Whether you've got a garden bin or just a bokashi bucket under the sink, composting feeds your plants for free and keeps food waste out of the bin — where it would otherwise pump out methane.

Moderate an afternoon to set up, then a few minutes a week Low cost Solid impact

Roughly a third of what goes in the average household bin is food and garden waste — and once it’s buried in landfill, packed down with no air, it rots the wrong way and releases methane, a greenhouse gas dozens of times more warming than CO₂ over its first years. Compost the same scraps with plenty of air and that problem largely vanishes; instead you get a free, dark, crumbly soil improver that plants love.

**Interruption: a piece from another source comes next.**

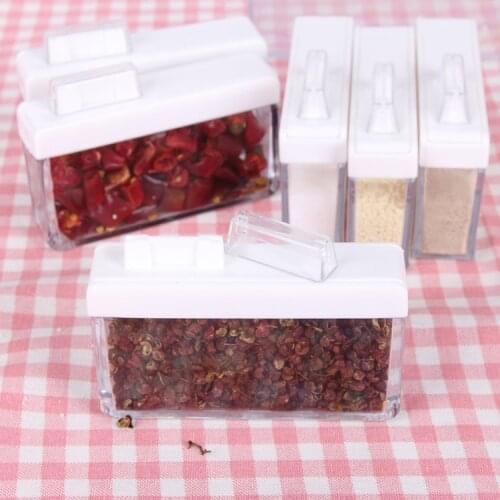 Condiment Bottle, Kitchen Condiment Bottle, Salt Tank Set, Household Plastic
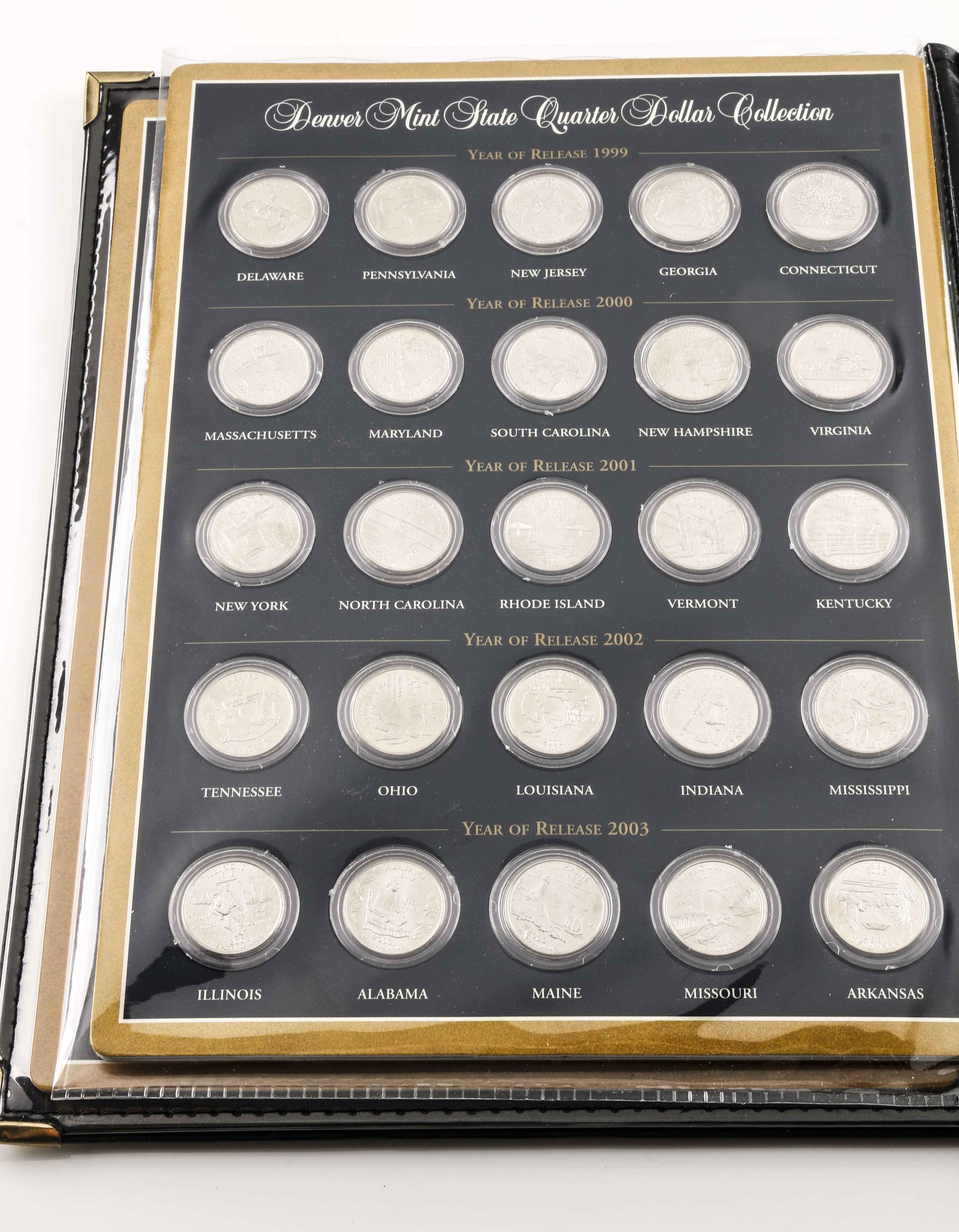 Binder of 100 U.S. Statehood Quarters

The science is just managed rotting. Microbes and worms eat your peelings, and the trick to keeping them happy — and the smell away — is balance: nitrogen-rich “greens” like veg trimmings and coffee grounds, mixed with carbon-rich “browns” like cardboard and dead leaves, plus a bit of air. Get the ratio roughly right and you’ll never get the slimy, sour heap people dread.

One honest caveat: it isn’t instant, and an open garden bin won’t take cooked food without inviting rats. If you’ve only a balcony or want to compost leftovers too, a sealed bokashi bucket or a small wormery does the job indoors with no smell. Start with whatever fits your space — even a single bin quietly shrinks your rubbish and feeds next year’s tomatoes.

How to do it

  1. Pick your method: an open or enclosed bin in the garden, a wormery on a balcony, or a sealed bokashi bucket if you've no outdoor space at all.
  2. Site a garden bin on bare soil in a part-shaded spot so worms and microbes can move in from below; stand a wormery or bokashi bucket somewhere frost-free.
  3. Layer 'greens' (veg peelings, coffee grounds, tea, grass clippings) with roughly twice as many 'browns' (cardboard, dead leaves, shredded paper) to keep it from going slimy.
  4. Skip cooked food, meat, dairy and bones in an open bin (they attract rats) — these only go in a sealed bokashi or hot composter.
  5. Turn or aerate a garden heap every couple of weeks; with bokashi, drain off the liquid and bury the fermented contents in soil or a wormery after two weeks.
  6. Harvest the dark, crumbly, earthy-smelling compost from the bottom after roughly six to twelve months and spread it on beds, pots or the lawn.

Pro tips & pitfalls

  • Too wet and smelly? Add more browns — torn-up cardboard or egg boxes — and give it a stir. Too dry and nothing's happening? Add greens and a splash of water.
  • No garden? Bokashi ferments everything (including cooked food and small bones) in a sealed bucket with no smell, and many German towns let you tip the result into the Biotonne or a communal plot.
  • Bury the spent bokashi or finished compost a hand's depth down; on the surface it can attract foxes and flies before it breaks in.

What it's good for

Good for the planet

  • Cuts waste Diverts the third or so of household bin weight that's food and garden scraps away from landfill and into your soil.
  • Cuts CO₂ Food rotting in landfill releases methane, a greenhouse gas far stronger than CO₂; composting with air avoids almost all of it.
  • Protects nature Finished compost feeds soil life and plants, so you skip the bagged peat compost and synthetic fertiliser entirely.

Good for you

  • Saves money A bin of homemade compost replaces €30–60 a year of shop-bought soil improver and feed.